Ebu Huzeyfe: Geçtiğimiz Pazar günü gerçekleşen Türkiye’deki yeni anayasa ve başkanlık referandum oylamasını Erdoğan’ın taifesinin kazanması üzerine bir çok kâfir sahavat grupları çıkıp tebrik ve sevinçlerini dile getirdiler. İşte bu kafir gruplardan birisi de eski ismiyle “Nusret Cephesi” ve yeni ismi ile de “Hayetu Tahriru’ş Şam” örgütüdür. Bu örgütün siyasi sözcüsü olan Zeyd el-Attar isimli mürted, yukarıda tercümesini yine kendilerinin yaptığı bu açıklamayı yaptı. Bu sevinç açıklaması ve tebrik mesajı hiç kuşkusuz küfürdür. Nitekim bu sevinç, Allah’ın anayasasının dışında başka bir anayasayı seçenlerin, bu seçtikleri yeni anayasaya binaen duyulan sevinçtir. Bunun aksini iddia etmek oldukça zayıf ve zavallı bir girişimden ibarettir. Ve hiç şüphesiz böyle bir şey için sevinç duymak da küfürdür. Nitekim mürted el-Attar şöyle demektedir:

“Müslüman Türk halkını sevindiren, bizi de sevindirir; onları üzen ve onlara eza veren şeyler, bizi de üzer, bize de eza verir.”

Bu cümlede Türkiye halkını sevindiren şey; yeni anayasa referandumundan evet sonucunun çıkmasından başka bir şey değildir. Mürted el-Attar’ın bahsettiği sevinç de bundan ötürüdür. Bu küfri açıklamayı savunmaya çalışan saptırıcı bedbahtların el-Attar’ın bu açıklamayı sanki referandumdan evet çıkmasını övmek ve olumlu karşılamak için yapmamış gibi davranmaları ilk göze çarpan hezeyanlardandır. Allah’ın yasalarının dışında konulan başka bir anayasa küfür olduğundan ötürü, buna dair sevinmek de icma ile küfürdür. Ve bu tercih edilen anayasa demokrasinin anayasası olduğundan ötürü bunda mü’minler açısından şüphe yoktur.
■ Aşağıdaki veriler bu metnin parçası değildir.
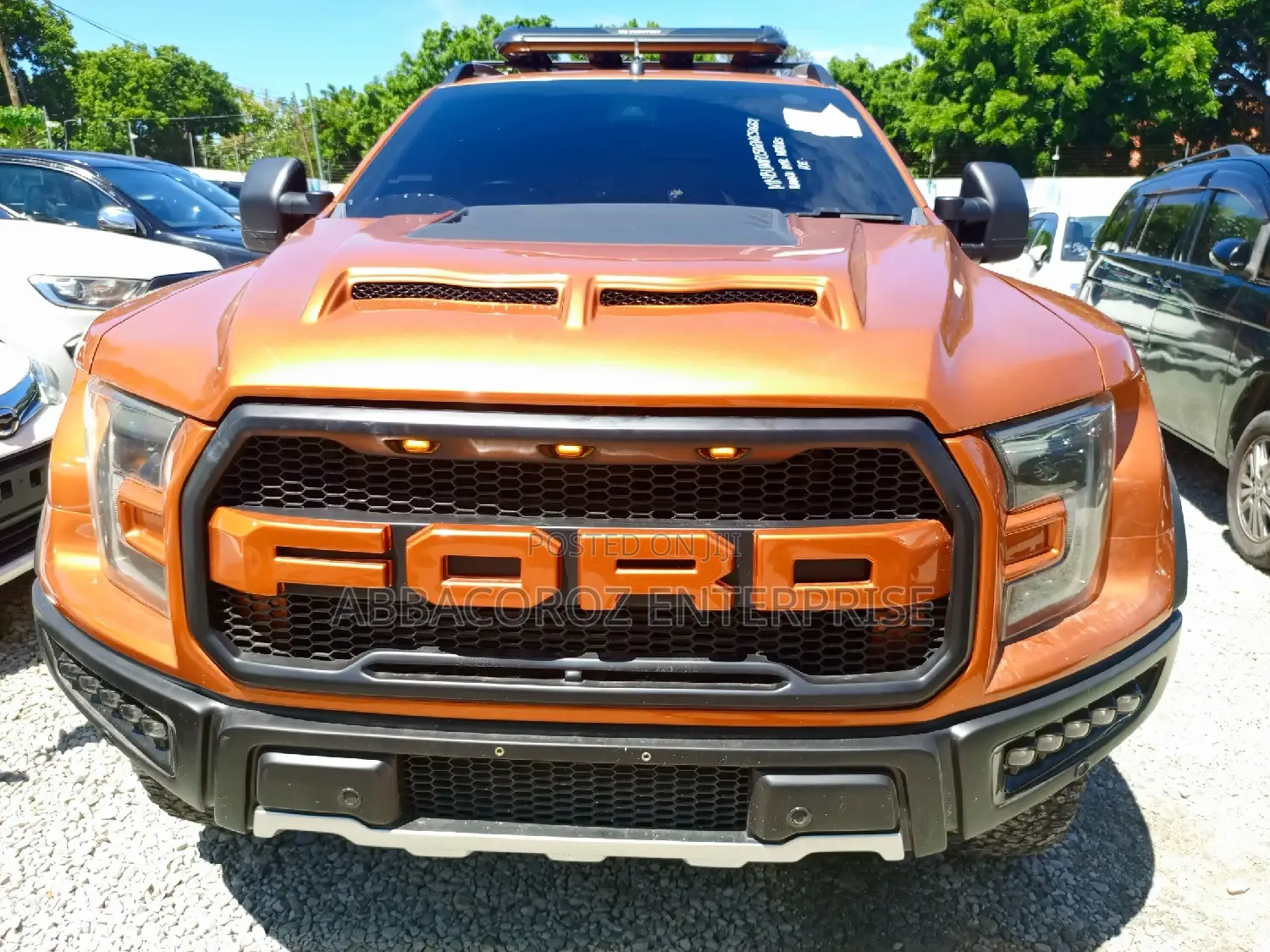 Ford Ranger 2017 Orange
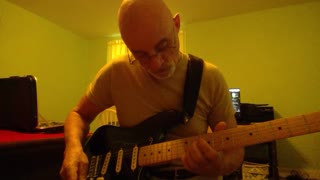 Playing "You're A Grand Old Flag" on my Fender Stratocaster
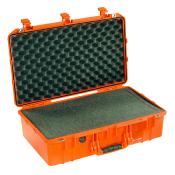 VALISE PELI AIR 1555 ORANGE AVEC MOUSSE PREDECOUPEE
Ayrıca küfür işleyen bir halka, işledikleri küfür ameline rağmen, halen de Müslüman demek ayrıca bir küfürdür. Nitekim bu mürtedin ve taifesinin tekfir etmediği halk, Allah’ın anayasasının dışında başka bir anayasayı seçen halktır. Ve bu halkın %85’inden daha fazlası bu seçimlerde oy kullanarak açık bir küfre girmiştir. Yeni anayasaya sevinen Müslüman Türkiye halkı demek en büyük küfürlerden bir küfürdür. Nitekim Şeyh Muhammed bin Abdulvehhab, insanı dinden çıkaran on unsurun üçüncüsünde şöyle dedi:  “Müşrikleri tekfir etmeyenler veya küfürlerinde şüphe duyanlar veya yollarını doğrulayanlar icma ile kâfir olurlar.”

 

Bu açıklamalardan sonra, gelelim Türkiye’deki El Kaide’nin müşrik belamlarından Ebu Cafer’in hezeyanlarına cevap vermeye.
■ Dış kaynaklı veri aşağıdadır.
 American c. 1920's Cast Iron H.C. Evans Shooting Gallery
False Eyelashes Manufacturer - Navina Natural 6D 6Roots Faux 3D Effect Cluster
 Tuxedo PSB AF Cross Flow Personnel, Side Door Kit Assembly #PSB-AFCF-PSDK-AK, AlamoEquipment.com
Ebu Cafer: “Son günlerde Referandum sebebiyle böyle bir açıklama geldi. Ben meselenin şer'i boyutunu ele almaya çalışacağım. Öncelikle bu açıklama, bunu beyan eden ve bu yapıda olup destekleyenleri bağlar. Bütün Şam sahasındaki mücahitleri bağlamaz.”

Ebu Huzeyfe: Evet, elbetteki bu yazı birinci dereceden bu yazıyı yazanı bağlar. Lakin bu adam bir grubun içindeki sıradan biri değildir, bilakis grubun sözcüsüdür ve yetki sahibidir. Dolayısıyla bunun yaptığı açıklamalar, tebası ondan berat ilan edene kadar tebasını da bağlar. Eğer bahsedilen gruplar demokrasiden ve şirk anayasalarından beri iseler bundan, bu yazıdan ve bu yazı sahibinden beri olduklarını ifade etmeleri gerekir. Aksi halde liderleri bir açıklama yaptığı halde sükut eden bu hükme ve karara razı olmuş demektir.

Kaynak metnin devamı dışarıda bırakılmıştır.